Use Knox Proxy disabled (default)

If Use Knox Proxy is unchecked in the New Metadata Source wizard:
- Authentication uses NiFi native token-based authentication.
- The extractor sends credentials to the NiFi API endpoint:
POST /nifi-api/access/token - NiFi returns a JWT bearer token.
- Subsequent API requests use the token in the Authorization header.
Use Knox Proxy enabled
If Use Knox Proxy is checked in the New Metadata Source wizard:
- Authentication uses HTTP Basic Authentication through Knox.
- Credentials are sent with each request in the Authorization header.
- Knox validates credentials and forwards authenticated requests to NiFi.
- No token exchange is performed.
When to use Knox Proxy
Use Knox Proxy when:
- NiFi is accessed through an Apache Knox Gateway.
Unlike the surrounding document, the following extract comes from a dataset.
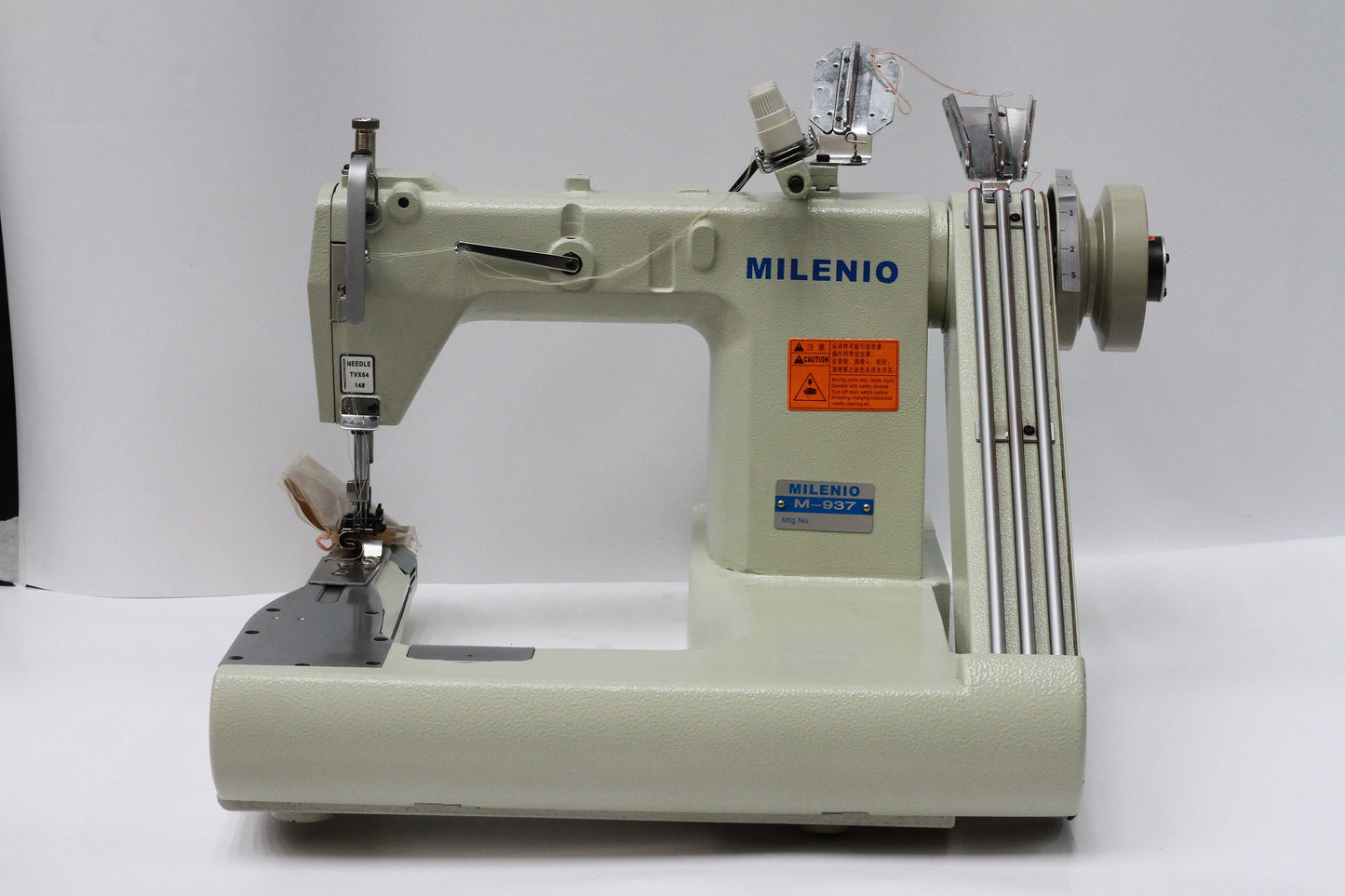 Cerradora Industrial Milenio M 937 Maquina De Coser - Commercio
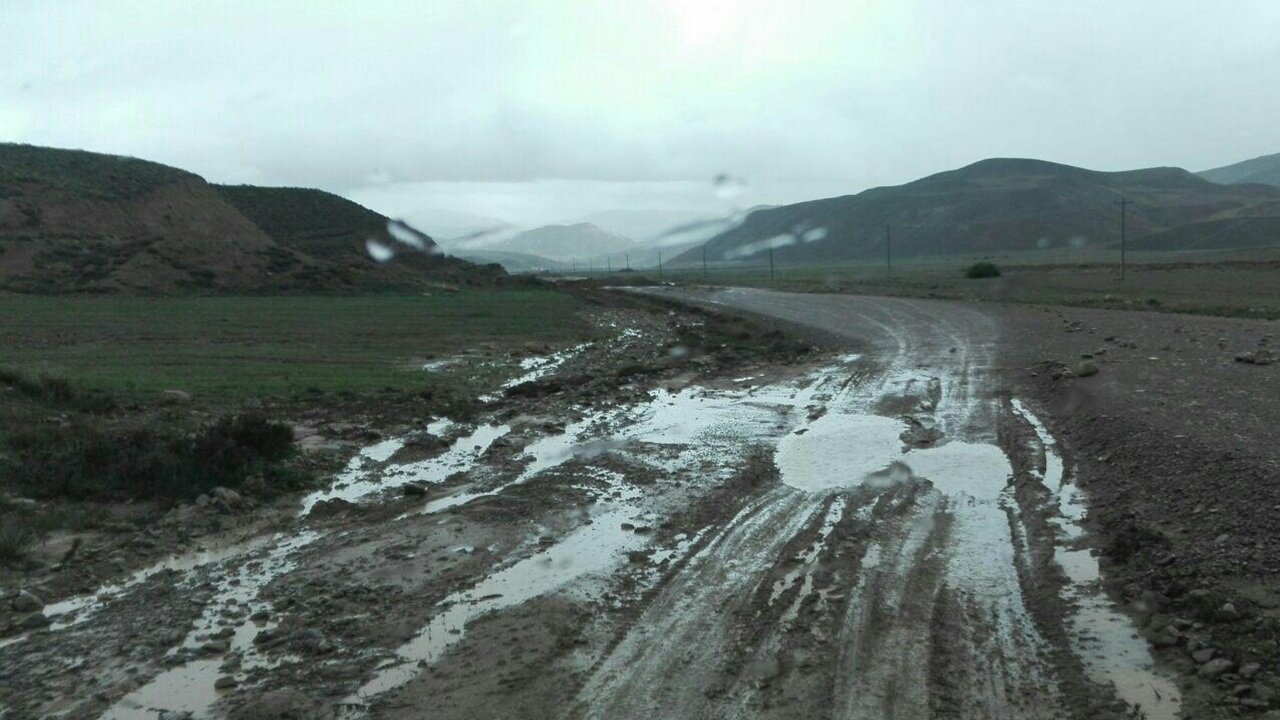 گلایه رانندگان از جاده گلی روستای اسمرود به شهرستان خلخال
- Authentication is centrally managed by Knox.
- The NiFi API is exposed through a Knox proxy URL.
Do not use Knox Proxy when:
- Connecting directly to NiFi without a gateway.
- Using NiFi native authentication.
- The NiFi URL points directly to the NiFi server.
Limitations
The following limitations apply:
- Dynamic parameters embedded inside table names or query identifiers, such as
${db.table.fullname}, are not resolved. - Site-to-site connections are not currently supported.
Installation and setup
Installation and enablement are performed as part of Cloudera environment configuration.
For assistance with configuration or enablement, contact your Cloudera representative or Cloudera Octopai Data Lineage Support.
Roadmap direction
The connector will continue to evolve with enhancements including:
- Expanded processor coverage.